→ Provided data

+++

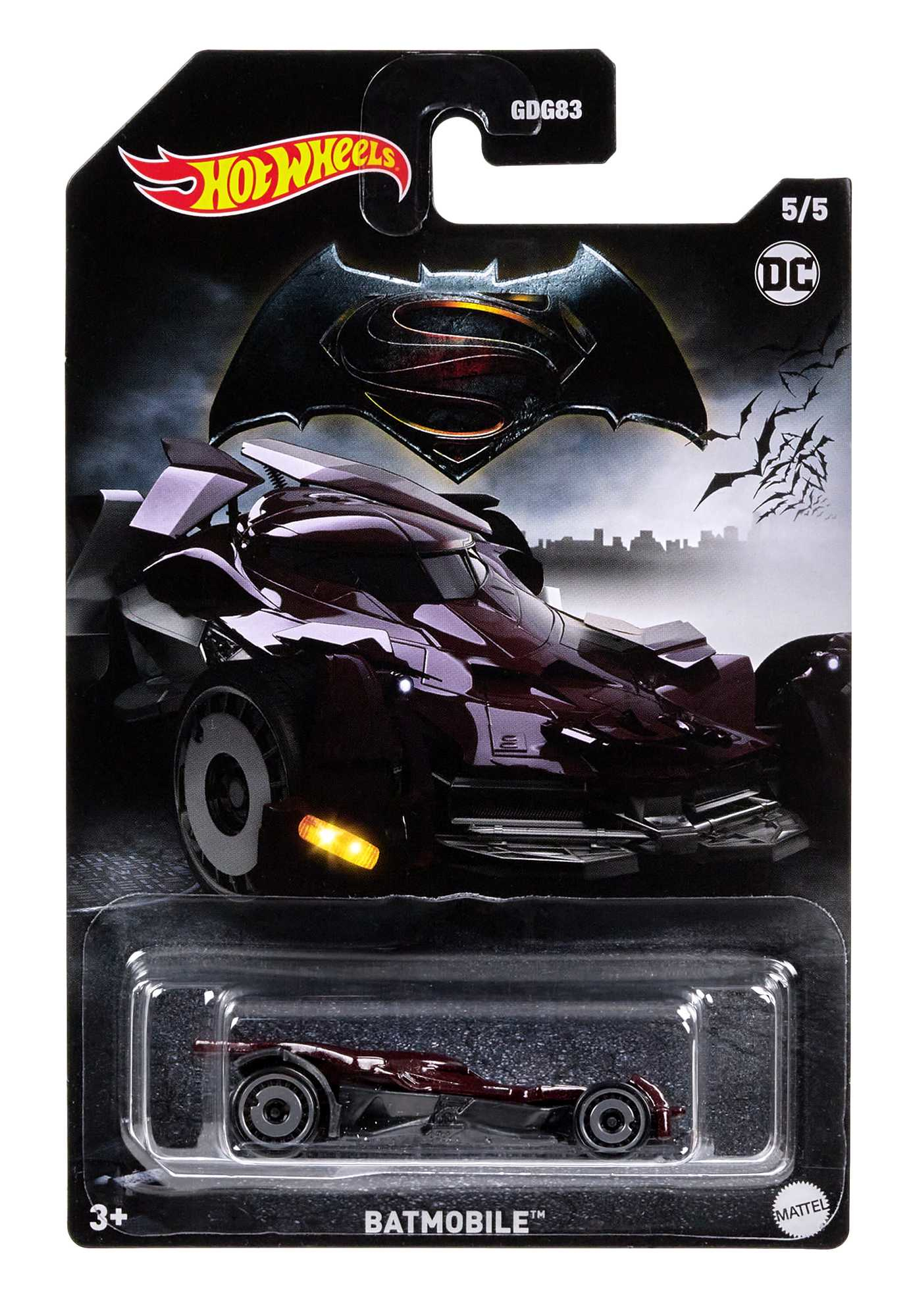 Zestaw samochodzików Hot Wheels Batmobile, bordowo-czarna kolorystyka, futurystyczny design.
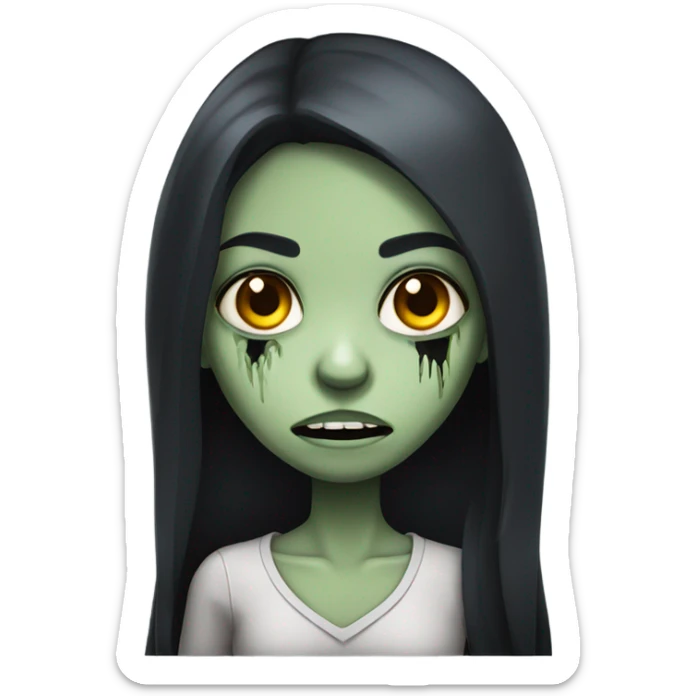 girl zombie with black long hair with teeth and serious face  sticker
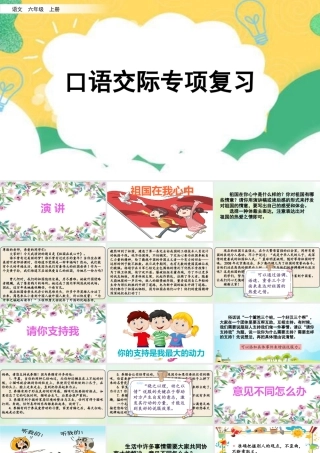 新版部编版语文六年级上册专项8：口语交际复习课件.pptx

+++

→ Task requirements
Return the material exactly as given, apart from the pictures.

→ Answer section
 Zestaw samochodzików Hot Wheels Batmobile, bordowo-czarna kolorystyka, futurystyczny design.
 girl zombie with black long hair with teeth and serious face  sticker
 新版部编版语文六年级上册专项8：口语交际复习课件.pptx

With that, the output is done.